Ebird list from the farmlands HERE. Highlights included a Dunlin, Firecrest and nice to see 30+ Lapwings still holding in there.

There's a possibility of a big freeze next week so will keep an eye on things as could be worth taking some time off work if it gets intense enough. 

Luckily I've managed to kill off the low level despair of UK inland local birding by booking some trips this year including a winter trip to Madeira in a few weeks, back to the Bulgaria project, a trip to Az and top of the bill a family trip to Australia in the summer. Will need to buy more land and push on fast with our net gain restoration works to balance the carbon accounts for this year. We've got quite a few wildlife gardening jobs booked in for this winter at Little Oak too which all helps. Now we are out of the Old Vic and into a small energy efficient home that helps too and also doubled down on buying shares in natural capital stocks (despite the risk of them falling further). We've also reignited the Beddington Farmlands campaign ahead of the planning re-application this year which is one of the biggest gains we can contribute too. An interesting update on the State of UK Nature markets HERE which basically concludes there is still not enough convergence to allow any organisation to accurately deal with net zero and net gain objectives which doesn't help the Green transition at any scale. However these new systems are slowly evolving further. 
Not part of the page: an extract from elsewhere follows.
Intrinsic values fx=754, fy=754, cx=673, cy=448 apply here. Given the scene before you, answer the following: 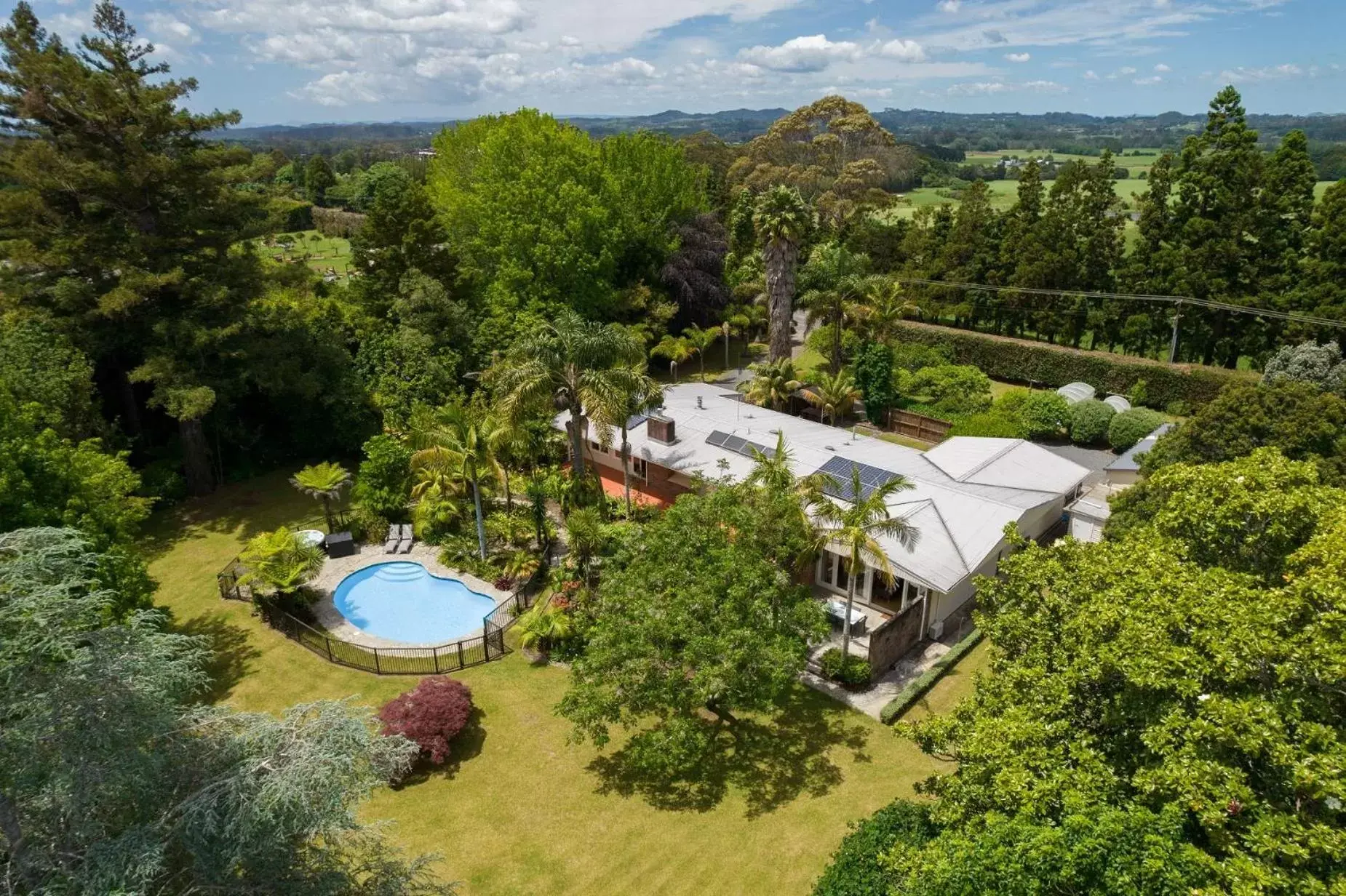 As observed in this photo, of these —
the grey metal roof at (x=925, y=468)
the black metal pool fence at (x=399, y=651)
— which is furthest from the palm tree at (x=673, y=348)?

Thanks the gods we no longer have a dog (Izzy went with Holly's brother after we moved out, she will be missed in other ways) and I can bait the garden for Red Kites. Still building up their confidence so hopefully better photos to follow. 
The Beddington Firecrest- still a scarce bird there and this particular one wasn't that easy to photograph
Common Snipe at Beddington
Common Nuthatch in Beddington Park- year tick 
Northern Herring Gull at Beddington - certainly miss the huge gulls numbers that used to feature during the winter at Beddington
More local floods in Oxfordshire- this one near the Esso garage in Thame. Didn't have too much different along this stretch of the Thame flood plain. Ebird list HERE. Highlights were are few waterfowl, good numbers of winter thrushes and the first Common Buzzards I've seen on the new local patch (which is scattered across various ebird hotspots and locations so a bit of a mess).